_Exercise description_.
None of the images should appear in your copy. Transcribe the data in full.

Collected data
=====
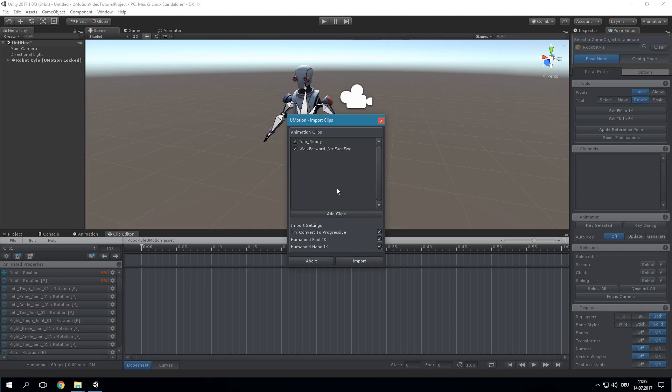Please check out the U-Motion manual for a detailed import compatibility overview. By default, the Try Convert to Progressive setting is enabled. When this setting is enabled, all rotation properties will be automatically converted to progressive quaternion interpolation if the conversion is lossless.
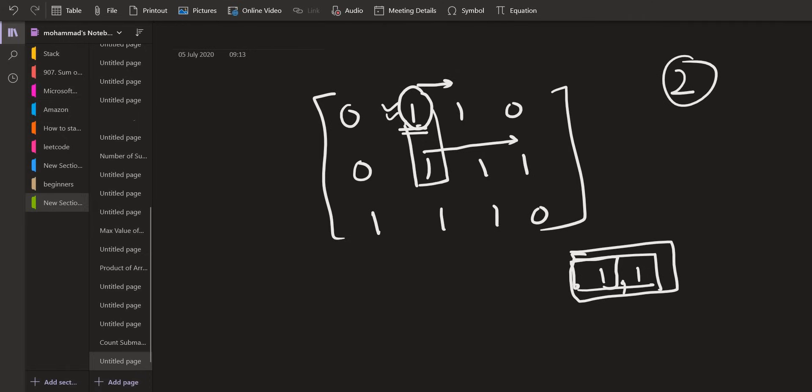So the minimum of these two will be taken. So even if we have three number of ones in row number two, row number one has only two number of ones. So two will be considered. So this is the only rectangle that we can have now. We cannot go for this rectangle. So in this case also two will be added to the answer.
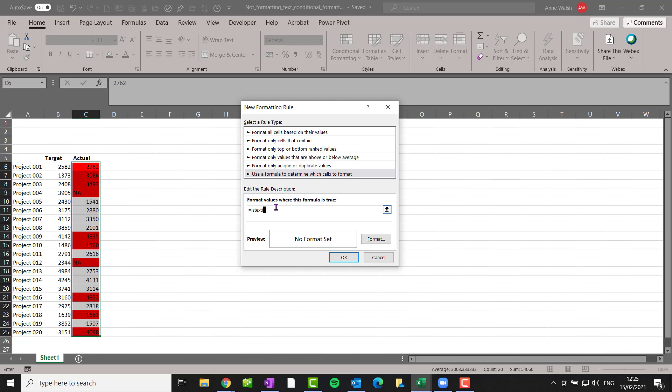And this basically says, is this entry a text? Yes or no? So I click here, use my F4 to lock it and close my bracket. Now, the thing then is that I don't want any formatting on it. So essentially, I just don't want any formatting. So I leave this on set and then I click OK.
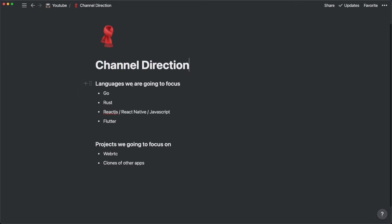The languages I'm going to focus on will be Go, Golang, Rust, ReactJS, React Native, JavaScript, and Flutter.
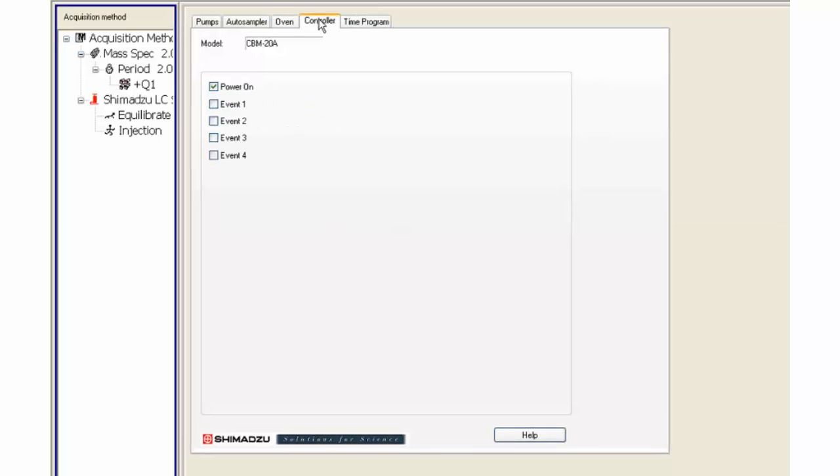Click on the controller tab. For simple use, only the power on the box needs to be checked.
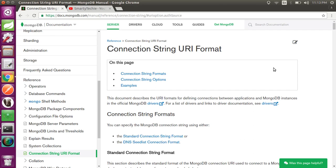Hello everyone, welcome to Smarty Techie. For today's topic we will be learning how to connect an application to MongoDB instances, and we will connect this application using the Java language.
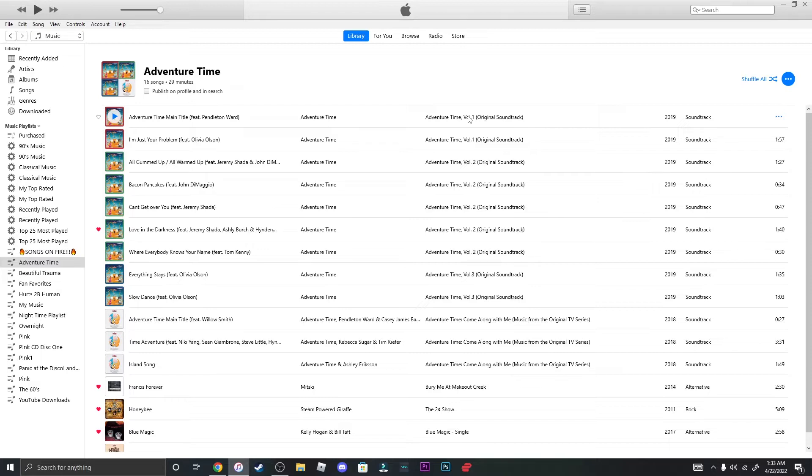Now go ahead and add your CD in there. All right, so after it's in...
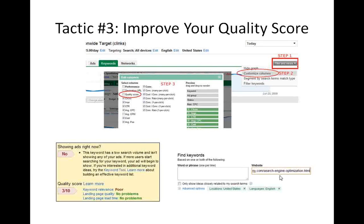A really good way to check the quality score for your landing pages is to use the Google Keyword Tool — put the landing page in the website box, run the tool, and see what results you get. Google will give you a lot of keywords related to that specific landing page, which is a great way to see what Google thinks your page is about.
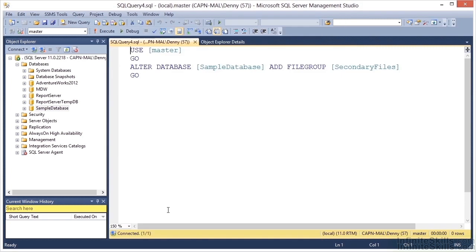As you can see, the script to add a database file group is fairly simple. We simply do an ALTER DATABASE, give it the name of the database, say Add File Group, and specify the file group. At this point, we would need to add files into the file group, which I'm going to show you in another video.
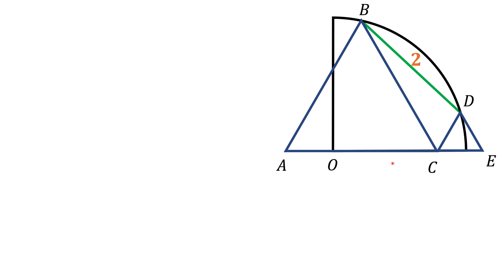Here we have two equilateral triangles, ABC and CDE. We have a quarter of a circle here that goes through points B and D, and we know the distance between point B and point D, which is 2.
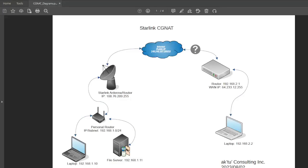Hi everyone. This video goes over how you can create a VPN connection between two different locations — either point-to-point or a road warrior type setup — when you have a CGNAT internet service provider. One of the popular ones, and the one titled in this video, is Starlink, where all your traffic from your home or office network gets a single IP address, and the address seen over the internet is a completely different one.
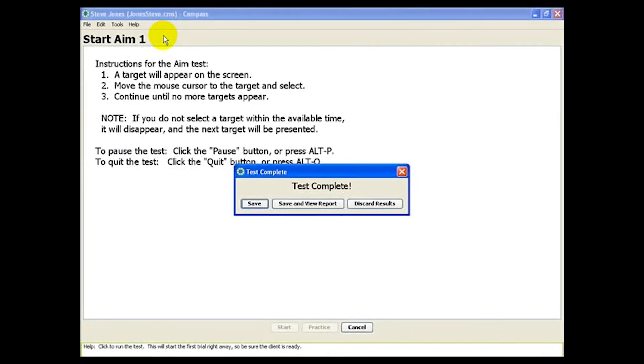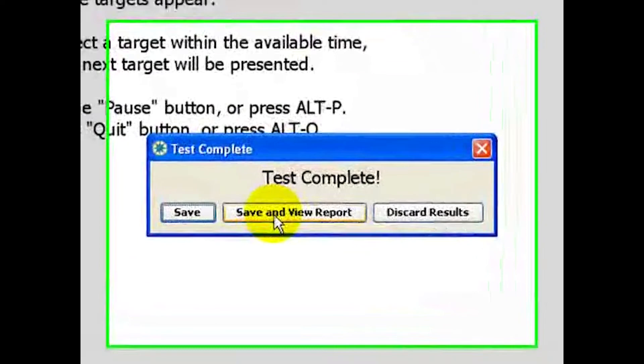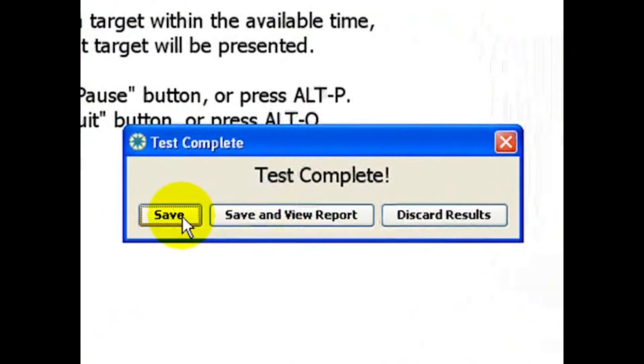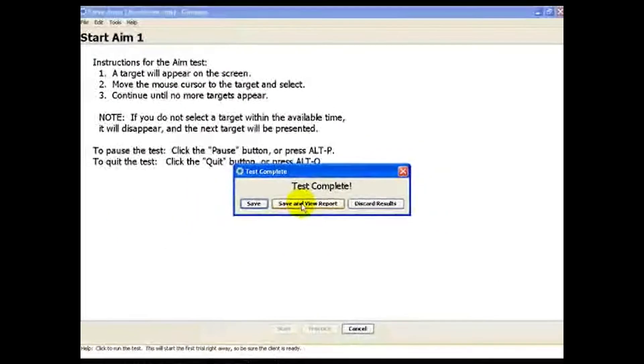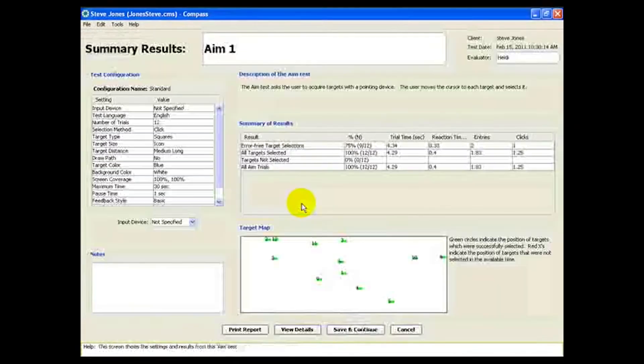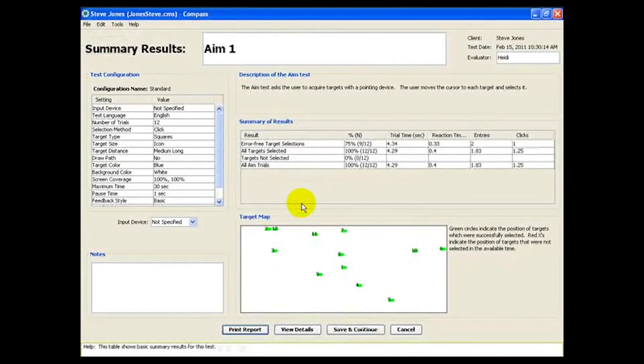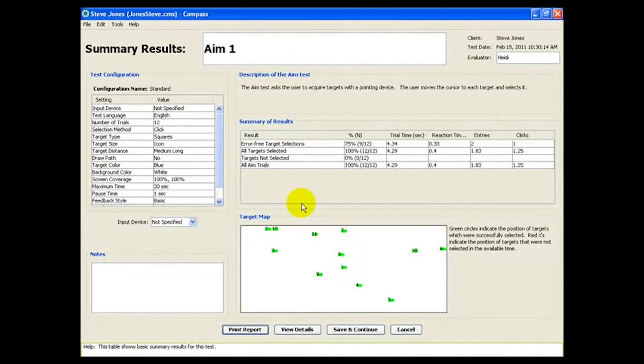At the end of the test, you can choose whether to view the results or just move on. Here, we'll review the report showing the results. This shows a summary of the results from the aim test that Steve just did.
=====
_Result_.
Please check out the U-Motion manual for a detailed import compatibility overview. By default, the Try Convert to Progressive setting is enabled. When this setting is enabled, all rotation properties will be automatically converted to progressive quaternion interpolation if the conversion is lossless.
So the minimum of these two will be taken. So even if we have three number of ones in row number two, row number one has only two number of ones. So two will be considered. So this is the only rectangle that we can have now. We cannot go for this rectangle. So in this case also two will be added to the answer.
And this basically says, is this entry a text? Yes or no? So I click here, use my F4 to lock it and close my bracket. Now, the thing then is that I don't want any formatting on it. So essentially, I just don't want any formatting. So I leave this on set and then I click OK.
The languages I'm going to focus on will be Go, Golang, Rust, ReactJS, React Native, JavaScript, and Flutter.
Click on the controller tab. For simple use, only the power on the box needs to be checked.
Hello everyone, welcome to Smarty Techie. For today's topic we will be learning how to connect an application to MongoDB instances, and we will connect this application using the Java language.
Now go ahead and add your CD in there. All right, so after it's in...
A really good way to check the quality score for your landing pages is to use the Google Keyword Tool — put the landing page in the website box, run the tool, and see what results you get. Google will give you a lot of keywords related to that specific landing page, which is a great way to see what Google thinks your page is about.
As you can see, the script to add a database file group is fairly simple. We simply do an ALTER DATABASE, give it the name of the database, say Add File Group, and specify the file group. At this point, we would need to add files into the file group, which I'm going to show you in another video.
Here we have two equilateral triangles, ABC and CDE. We have a quarter of a circle here that goes through points B and D, and we know the distance between point B and point D, which is 2.
Hi everyone. This video goes over how you can create a VPN connection between two different locations — either point-to-point or a road warrior type setup — when you have a CGNAT internet service provider. One of the popular ones, and the one titled in this video, is Starlink, where all your traffic from your home or office network gets a single IP address, and the address seen over the internet is a completely different one.
At the end of the test, you can choose whether to view the results or just move on. Here, we'll review the report showing the results. This shows a summary of the results from the aim test that Steve just did.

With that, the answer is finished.